There’s a misconception that dozens of FDNY units deployed to the WTC on their own. In fact, only four did. But according to the 9-11 Commission, more fire units were dispatched to the scene than commanders asked for. Some fire trucks and engines “rode heavy,” with fire-fighters who were going off duty leaping aboard to join the shift that had just come in. Several firefighters arrived on the scene as individuals, asking to help. McKinsey found that “as these units approached the area, many failed to report to the staging areas and instead proceeded directly to the tower lobbies or other parts of the incident area. As a result, senior chiefs could not accurately track the whereabouts of all units.”

When the second plane hit, a second fifth alarm—the highest in the department’s normal operational battle plan—was sounded. But, as had been pointed out after the 1993 bombing but never corrected, there was no procedure in place for an alarm greater than fifth. And it meant that units that were totally unfamiliar with the WTC were showing up at the scene, sometimes in the wrong place. Some firefighters who’d been assigned to the south tower showed up at the north tower instead, leading the south tower’s fire commander to call for more men. “Because some units did not stage and chiefs were unsure of their location, additional units, that might not have been required at that time, were deployed to the incident,” McKinsey continued. “If units had staged according to protocol, other units that were dis-patched to the World Trade Center might have been kept instead in the citywide pool.”

And, one might speculate, more firefighters would have survived.

Communications problems

No part of the emergency response garnered more attention than the radios that FDNY personnel were using—they were, after all, the same devices that had performed so poorly at the 1993 Trade Center incident. A belated effort to replace them had been scuttled earlier in 2001 when a poorly tested replacement radio failed at one fire. NIST found that a third to a half of all emergency responders’ radio transmissions at the WTC incident were “unreadable or incomplete.” But the exact impact of radio problems is not a simple thing to gauge.
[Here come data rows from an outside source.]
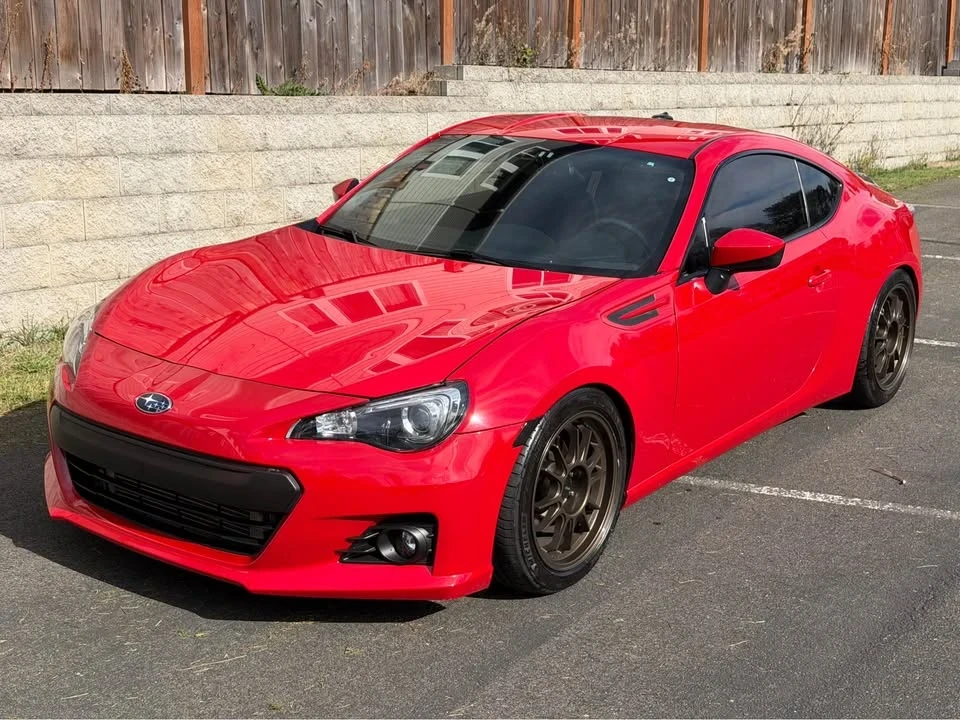 2013 Subaru BRZ 1st Gen - Image 8 of 19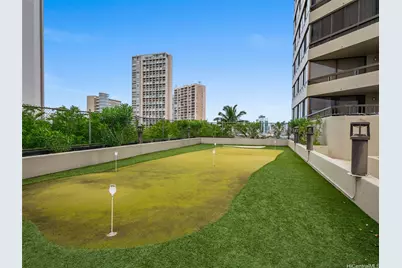 2499 Kapiolani Boulevard #2703, Honolulu, HI 96826 - Photo 21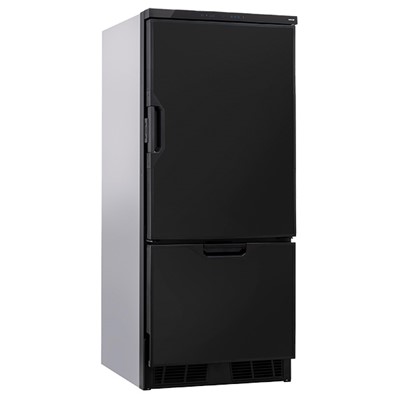 Thetford T2160 158L Black Compressor Fridge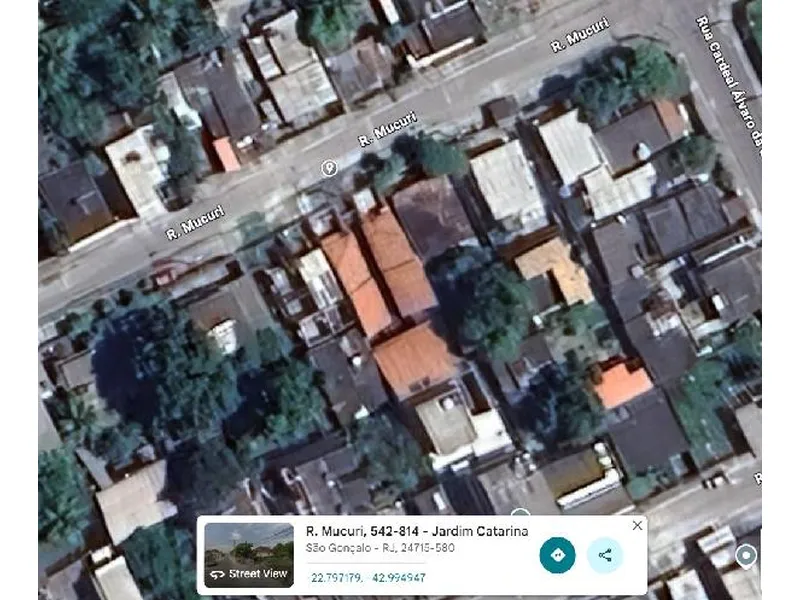 Casa em Venda Direta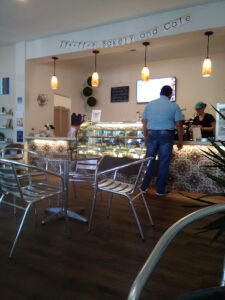Lynette's Bakery and Cafe - Aberdeen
All handheld radios are susceptible to problems in high-rise buildings because their low wattage generates signals that are often too weak to travel multiple floors. After 1993 the FDNY had installed a repeater—a device that amplifies and retransmits radio messages—for both towers on the roof of 5 WTC. On 9/11, firefighters in the south tower apparently used their repeater. Firefighters in the north tower didn’t, because chiefs there erroneously thought that repeater was broken. But it might not have mattered. When the south tower fell, the repeater was wiped out. If firefighters in the north tower had been relying on the repeater, their communications might have gone dark once the other tower fell.
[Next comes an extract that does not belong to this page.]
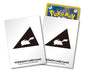 POKEMON CARD GAME POKEMON CARD GAME Deck Shield Pro Pikachu Ver. 2- Japan Figure Store - #1 Bring To You The Best Japanese Goods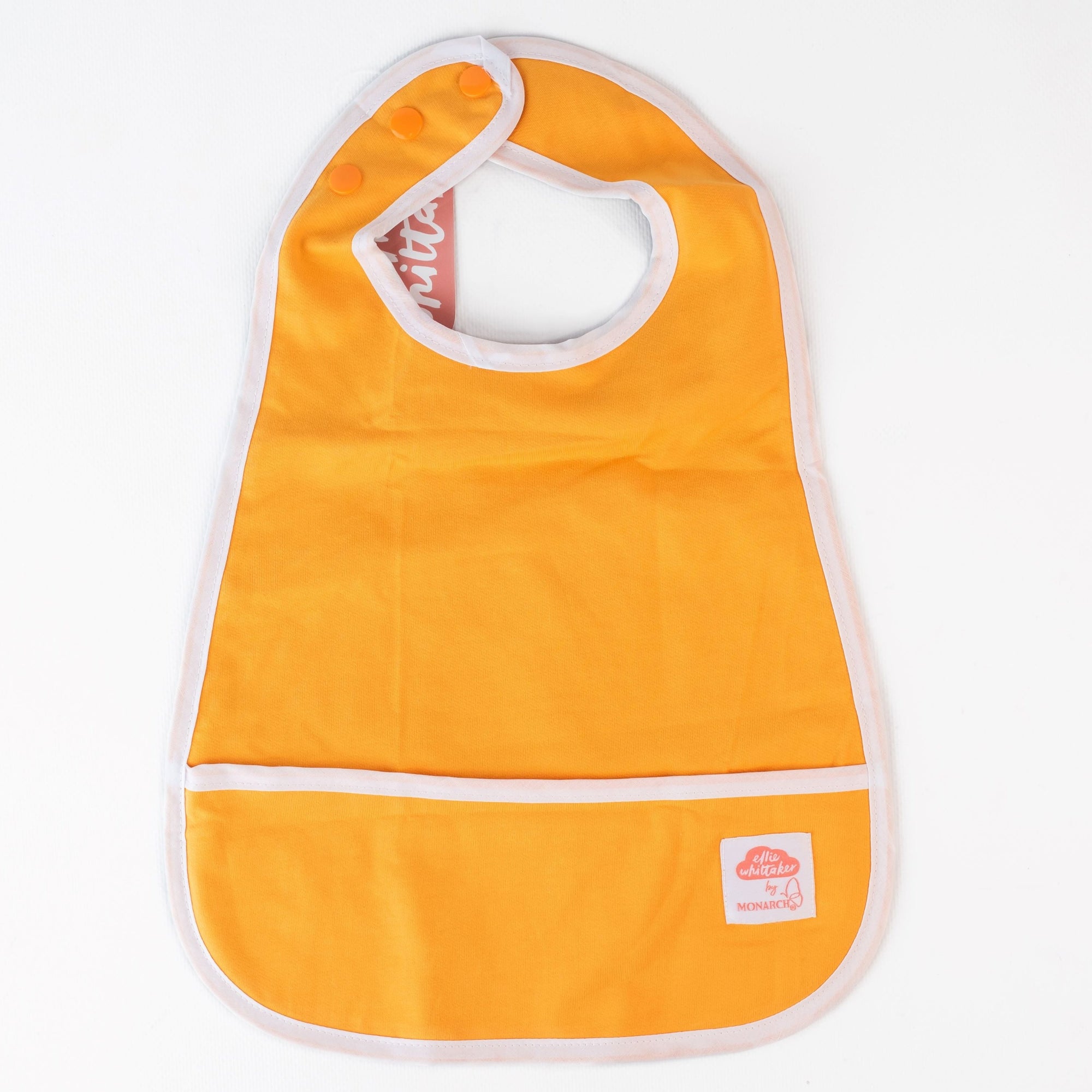 Reversible Bibs - Ellie Whittaker - Sunburst Country - Monarch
More important than the brand of radio or the use of the repeater might have been the sheer number of firefighters trying to talk on one channel, which was simply overloaded. In addition, despite recommendations after the 1993 bombing and subsequent firefighter fatalities that such a device be developed, chiefs didn’t have a special tone alert to help in ordering the evacuation of the north tower after the south tower collapsed. (Despite this, the 9/11 commission concluded that at least 24 of the at most 32 fire units known to be working in the north tower heard the evacuation order.)
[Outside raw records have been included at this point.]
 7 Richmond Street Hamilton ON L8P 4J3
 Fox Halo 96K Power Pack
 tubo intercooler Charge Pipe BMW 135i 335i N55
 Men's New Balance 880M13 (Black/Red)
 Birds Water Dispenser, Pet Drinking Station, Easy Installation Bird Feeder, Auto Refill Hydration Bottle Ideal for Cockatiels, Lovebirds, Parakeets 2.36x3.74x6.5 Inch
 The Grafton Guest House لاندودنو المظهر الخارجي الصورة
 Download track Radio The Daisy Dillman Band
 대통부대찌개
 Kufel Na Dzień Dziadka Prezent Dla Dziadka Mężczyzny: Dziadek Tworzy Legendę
And while having the ability to communicate is important, having good information to share is vital. The reports on 9/11 indicate that some fire commanders inside the towers had little idea what was going on outside, while fire leaders outside the buildings had no inkling of what NYPD helicopters were reporting to police commanders. This situation worsened exponentially when the first building came down, wiping out much of the FDNY command post, which had been set up within the collapse zone of the buildings. “This loss of human life and the capital assets makes it imperative that emergency operations protocols for tall buildings be critically reassessed,” NIST concluded.

A decade of repair

In earlier days, New York firefighters resisted the move from a volunteer department to a paid one, then from hand-drawn fire apparatuses to horse-drawn engines and finally from horses to trucks. When blacks and women sought to join the department, there was a new generation of resistance. More recently, McKinsey noted in its report, the FDNY had considered several changes that would have made a difference on 9/11—new radios, a fire operations center, retraining and even sanctioning units that failed to deploy correctly—but the department hadn’t followed through.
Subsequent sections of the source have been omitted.